Dataset content:
========================
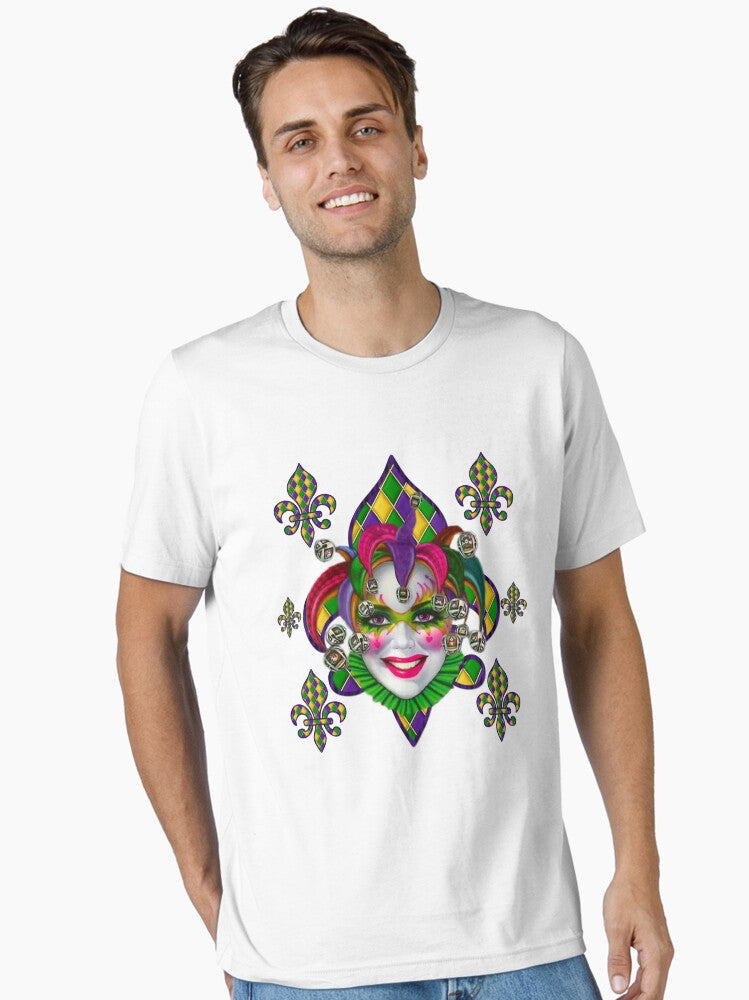 2022 Mardi Gras Essential T Shirt T Shirt Gift Ready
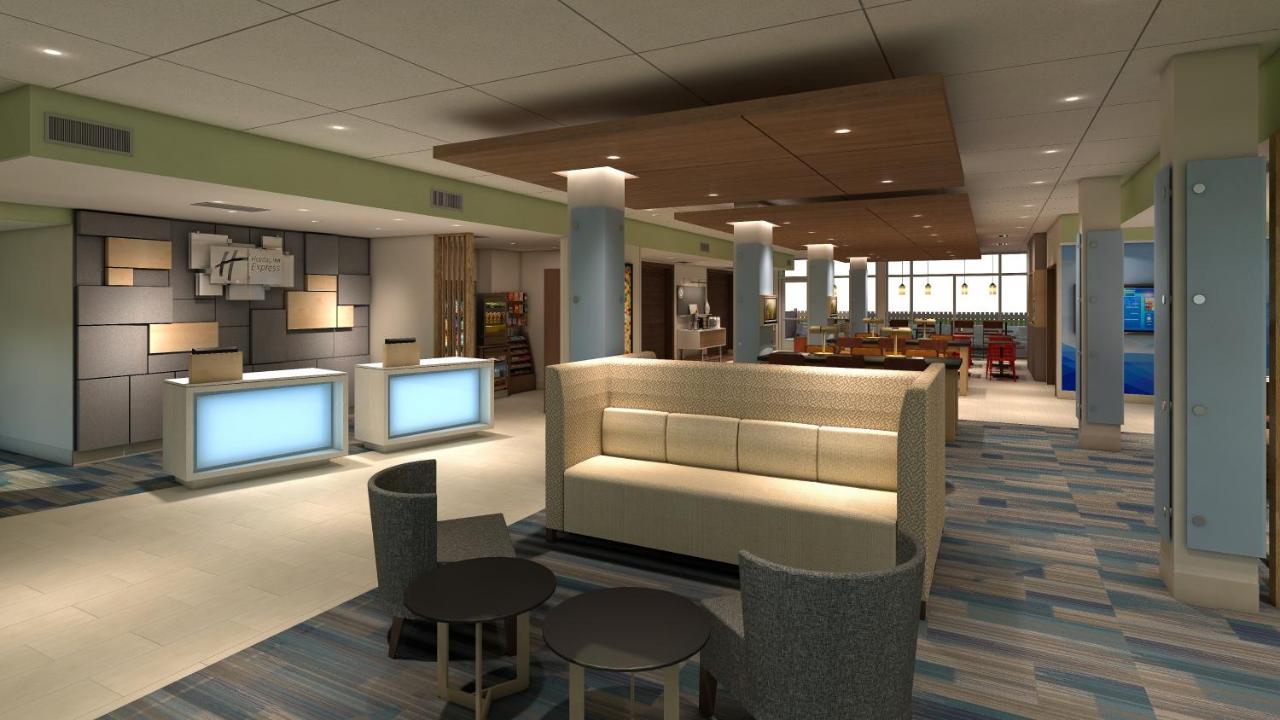 Holiday Inn Express & Suites - Milwaukee West Allis By Ihg Εξωτερικό φωτογραφία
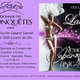Samedi 11 Juillet | Grande Soirée Cabaret au Domaine des Conquêtes Samedi 11 Juillet | Grande Soirée Cabaret au Domaine des Conquêtes
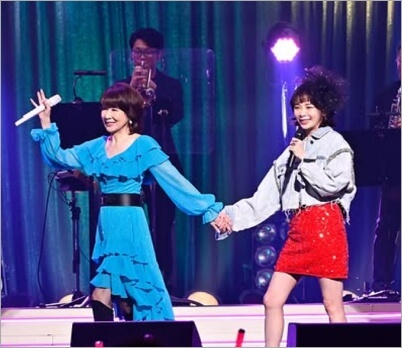 三山凌輝と趣里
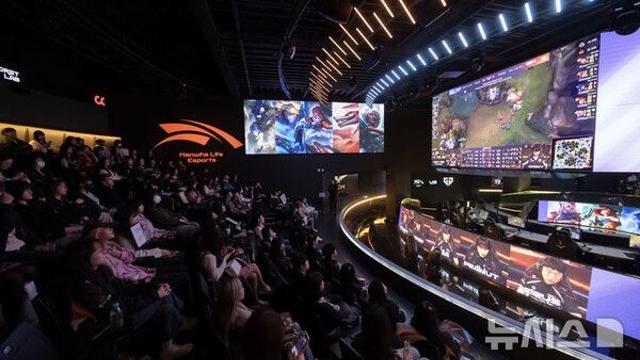 국민 이스포츠 'LCK' 위상 입증…결승전, 지상파 주말 생중계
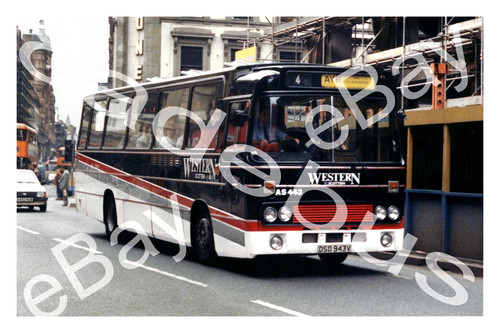 Bus photograph western - bus,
========================
Task requirements: Nothing but the pictures should be left out when the listing above is transcribed.

Exercise solution:
 2022 Mardi Gras Essential T Shirt T Shirt Gift Ready
 Holiday Inn Express & Suites - Milwaukee West Allis By Ihg Εξωτερικό φωτογραφία
Samedi 11 Juillet | Grande Soirée Cabaret au Domaine des Conquêtes Samedi 11 Juillet | Grande Soirée Cabaret au Domaine des Conquêtes
 三山凌輝と趣里
 국민 이스포츠 'LCK' 위상 입증…결승전, 지상파 주말 생중계
 Bus photograph western - bus,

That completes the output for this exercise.